Your task —
Only the text of the records below belongs in the answer, copied exactly, with pictures omitted.

Information supplied —
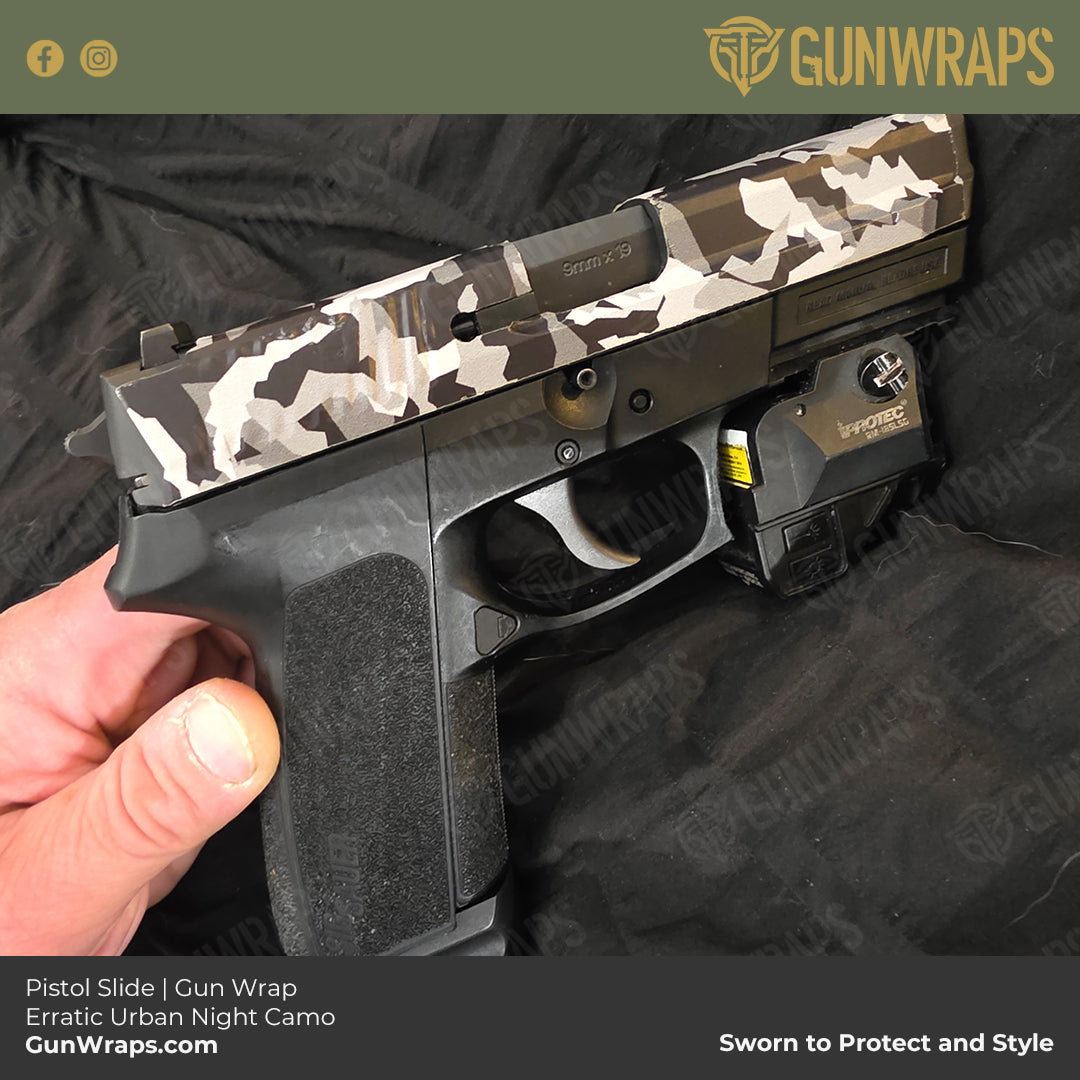 Pistol slide urban night camo skin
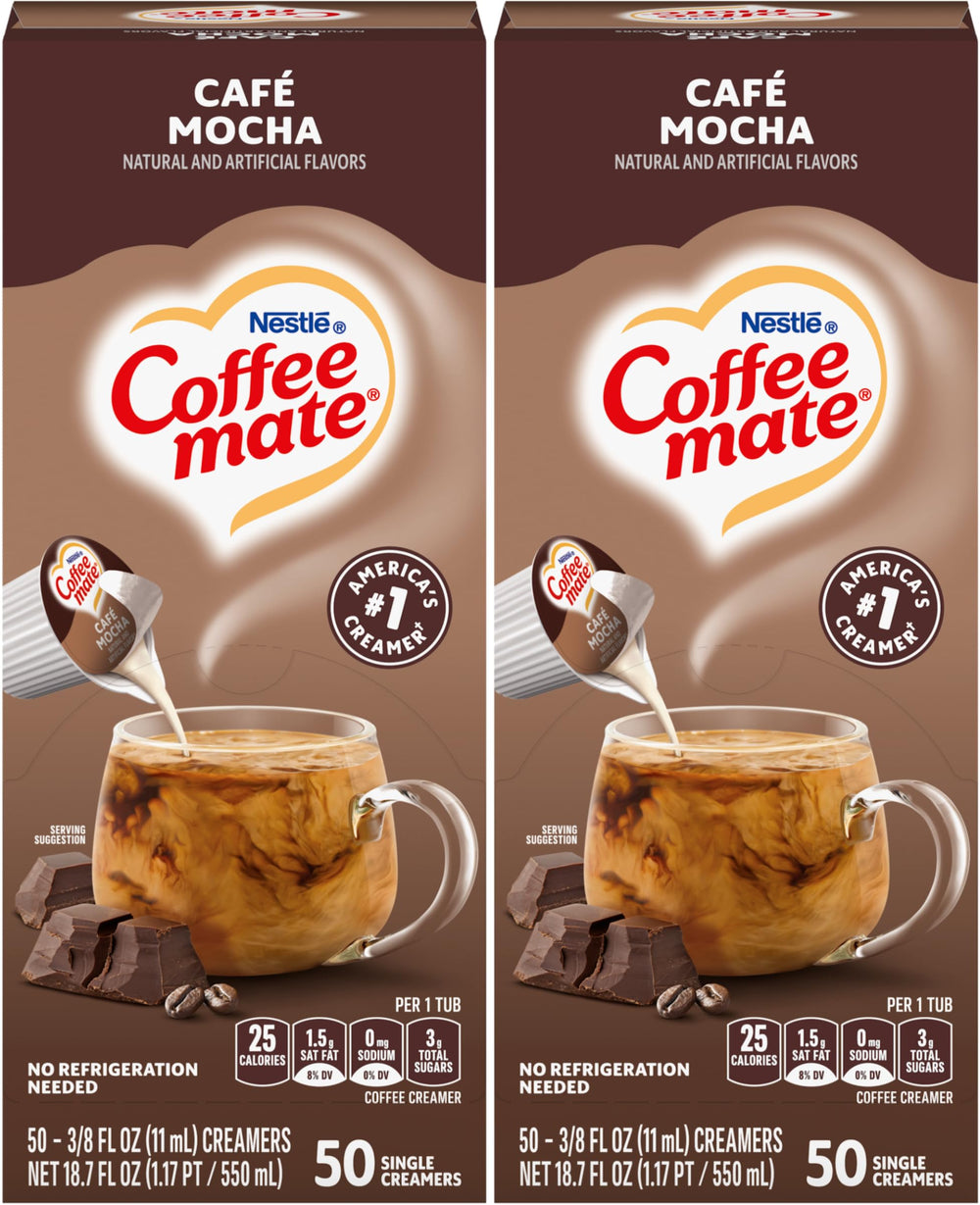 Coffee Mate front packaging showing two 50-count boxes and convenient servings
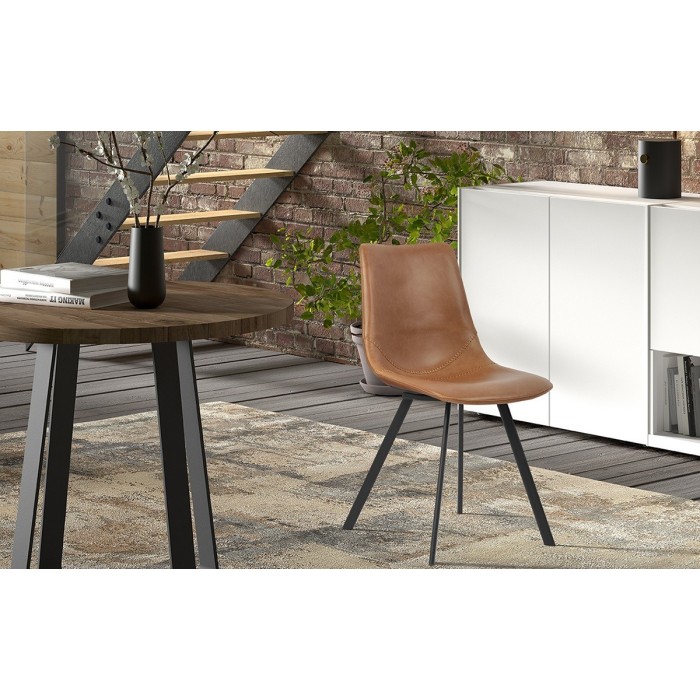 Chaise 'OSLO' PU Cognac, dimensions : H84 x L44 x P57 cm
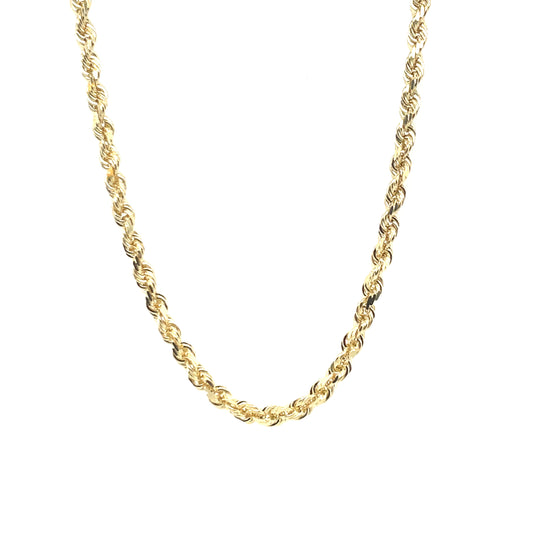 14K Yellow Gold Solid Rope Chain 3.5mm 22"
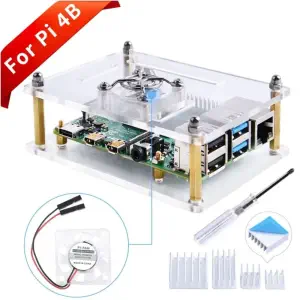 Boîtier en Acrylique avec Ventilateur Transparent pour Raspberry Pi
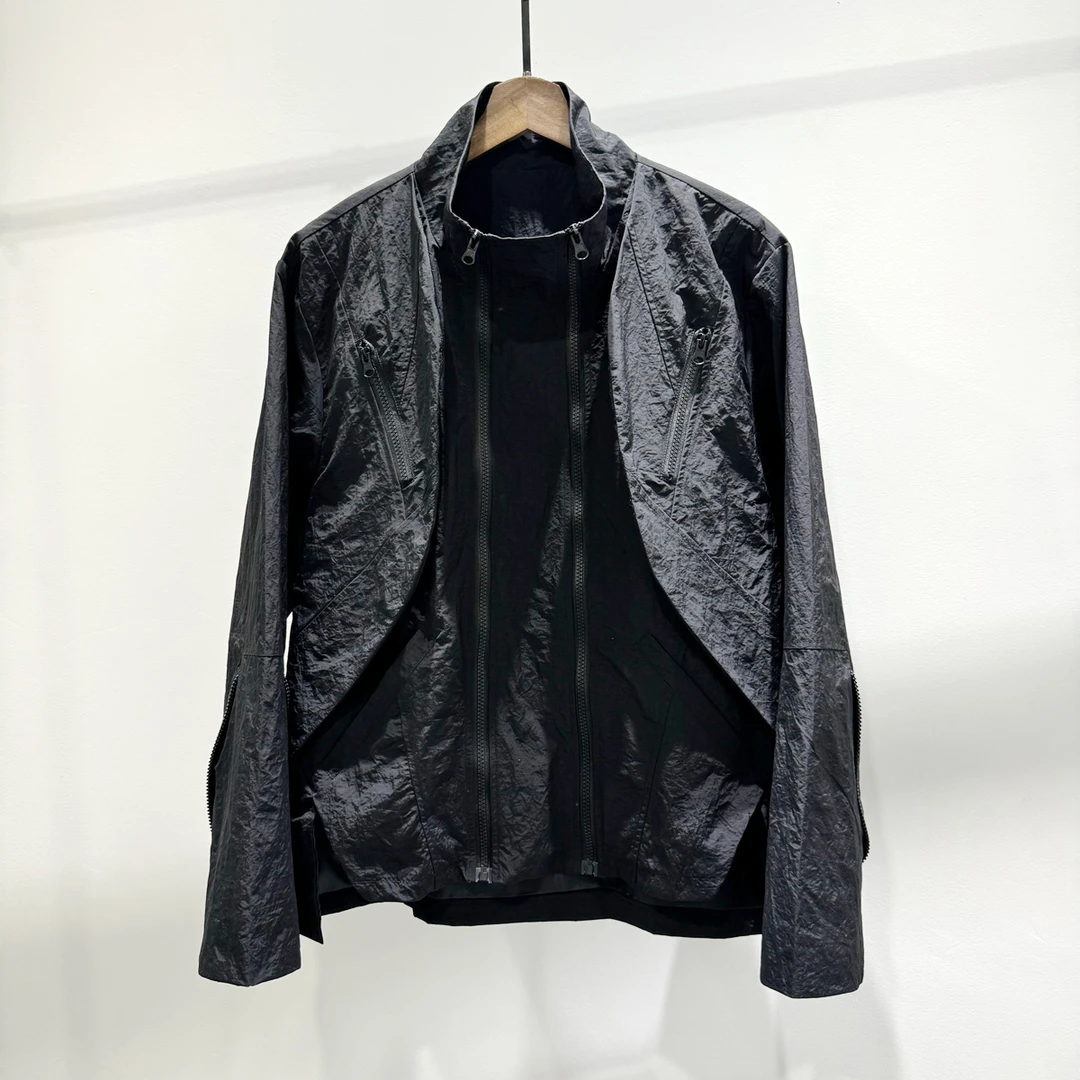 简约时尚小众男士双拉链门襟假两件夹克潮流港风宽松百搭休闲外套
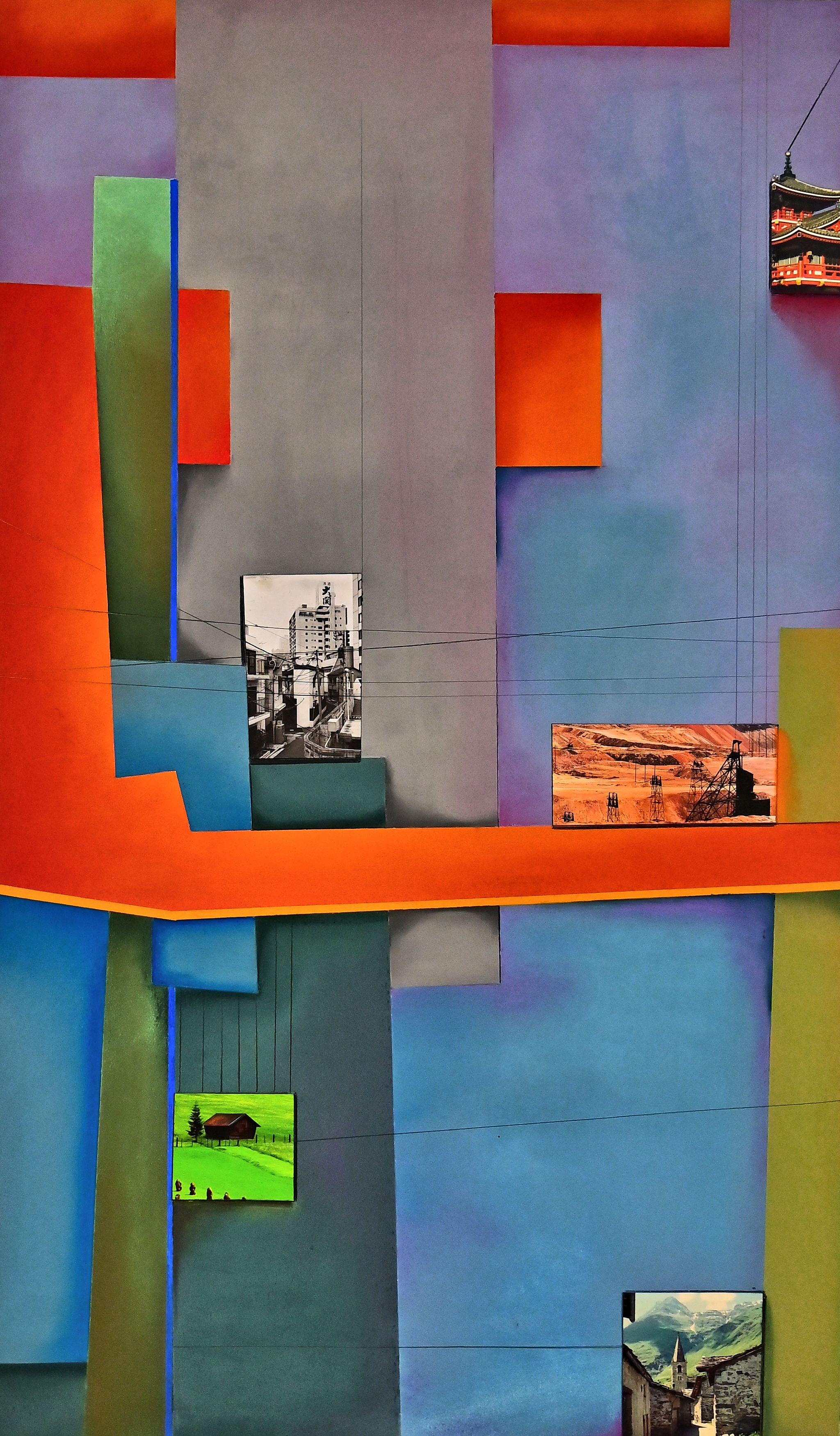 Divergent Paths #3, Mixed Media auf Papier – Mixed Media Art von Christian Culver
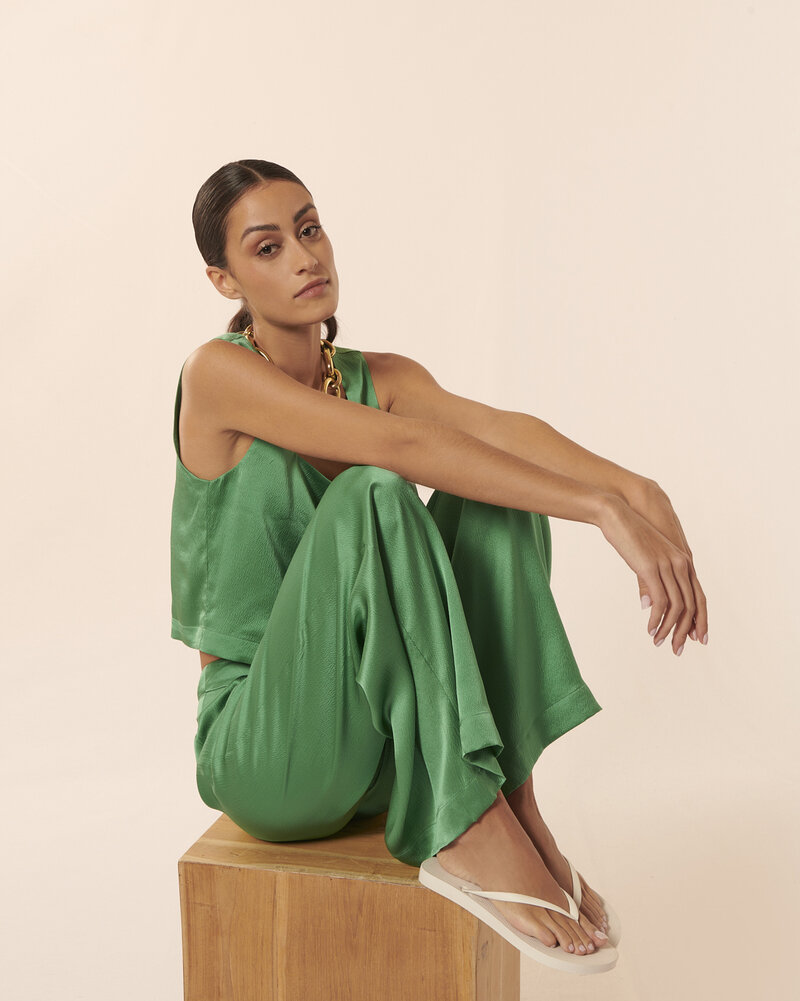 KARMA KOMA Swan  silk long pant Jade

Response to the exercise —
 Pistol slide urban night camo skin
 Coffee Mate front packaging showing two 50-count boxes and convenient servings
 Chaise 'OSLO' PU Cognac, dimensions : H84 x L44 x P57 cm
 14K Yellow Gold Solid Rope Chain 3.5mm 22"
 Boîtier en Acrylique avec Ventilateur Transparent pour Raspberry Pi
 简约时尚小众男士双拉链门襟假两件夹克潮流港风宽松百搭休闲外套
 Divergent Paths #3, Mixed Media auf Papier – Mixed Media Art von Christian Culver
 KARMA KOMA Swan  silk long pant Jade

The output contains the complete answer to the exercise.